What are the factors responsible for communal violence? When were the seeds of communal violence first sown in India? To answer all these questions, read further.
The seeds of the present communal violence were sown in the aftermath of the freedom struggle and the partition. The partition of Bengal on the communal lines by Lord Curzon in 1905 can be considered an attempt by the British to communalize Indian society and the political structure.
The formation of the Muslim League in 1906
the introduction of the separate electorate on communal lines in 1909 through the Minto Morley reforms
The creation of Hindu Mahasabha in 1915 was believed to be the beginning of modern-day communalism in India.
Factors Responsible For Communal Violence
- Historical factors-The history of partition and the two-nation theory generated a deep sense of communalism and mistrust among communities
- Political factors-The divide and rule policy practiced by the British and the subsequent identity politics followed by the political parties have added to the divide.
- Educational factors-Majority of Indians have failed to adopt a scientific and technological approach and hence are reluctant to adopt liberal values
- Socio-economic factors-The educational backwardness has resulted in poor representation of Muslims in public services. This relative sense of deprivation contains the seeds of communalism
- Cultural factors-Orthodox members of communities have strong elements of conservatism and fundamentalism.
- Social media-Hate campaigns and fake news plays a vital role in spreading communal riots and tensions
- Lack of strong action-Lack of strong decisive action by police and allegations of biased or delayed action are also a cause.
Precipitating factor for communal violence
The following are the immediate factors why communal riots flare up
- Gender offences-Offences like sexual harassment, rape, and elopement with girls/boys of other communities. Hindu organizations attribute such elopement as part of a conspiracy namely ‘love Jihad’.

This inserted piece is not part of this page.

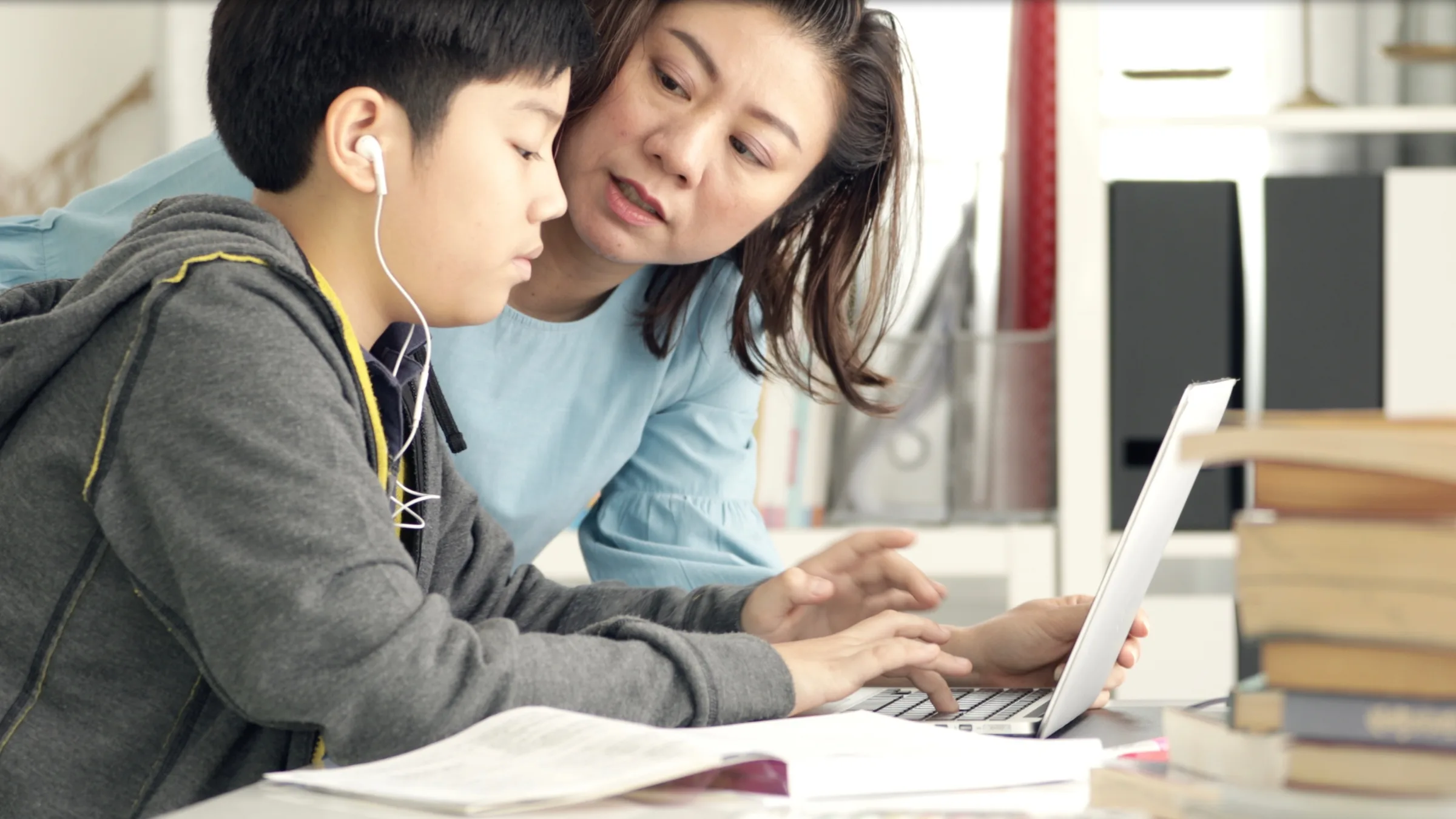 Is Your Middle Schooler Ready for High School Academics?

- Land disputes-disputes regarding the construction of new places of worship, and unauthorized construction are all factors flaring disputes
- Religious festivals-Celebrations of Holi, Eid, etc often result in local disputes that have the potential to flare up.
- The preamble-Preamble of the Indian Constitution declares it as a secular state and secures the liberty of thought expression, belief faith, and worship.
- Article 25-All persons are equally entitled to freedom of conscience and the right to freely profess, practice, and propagate religion subject to public order, morality, and health.
- Article 26-Says that all denominations can manage their own affairs in matters of religion.
- Article 29-Mandates that no discrimination would be done on the ground of religion, race, caste, language, or any of them.
- Article 30-Mandates that all minorities, whether based on religion or language, shall have the right to establish and administer educational institutions of their choice.
- Fundamental duty – Art 51A- Promote harmony and the spirit of common brotherhood amongst all the people of India transcending religious, linguistic, and regional or sectional diversities and to renounce practices derogatory to the dignity of women.
- Various provisions of the Indian penal code deals with the issues of communalism in the country, like section 153A, 153B
- The communal Violence (Prevention, Control, and Rehabilitation of Victims) Bill, 2005 must be enacted soon.
- Manipur government came up first with its Law against lynching in 2018.
Measures to counter communal violence
- Impartial administration and police-The directives of police reforms by the Supreme Court should be adopted by the state government in letter and spirit. Fixed tenure of District Magistrate/ Deputy Commissioner and Superintendent of police will make a big difference.
- Peace committees-Peace committees should be made mandatory in every area. Secular and visionary people of the area should be made part of it.
- Win people’s hearts and minds through media-The faith of common people in the local police should be restored with the help of civil society, NGOs, and media.
- Holistic development of minority communities-A sincere effort to ensure that employment and skill development opportunities are available in the economic, educational, and social spheres for minority communities.
- Manpower shortage issue in a police-The number of policemen per one lakh people in India is only 130. The minimum United Nations norm is 220. The gap should be immediately filled.
- Capacity building of police and implementation of police reforms
- Preventing community-based Ghettos in Urban areas.
- Formulation of counter radicalisation and de-radicalisation policies.
Communal violence and tensions seriously hamper national integrity. The secular ideals of the constitution should be upheld at all times of crisis.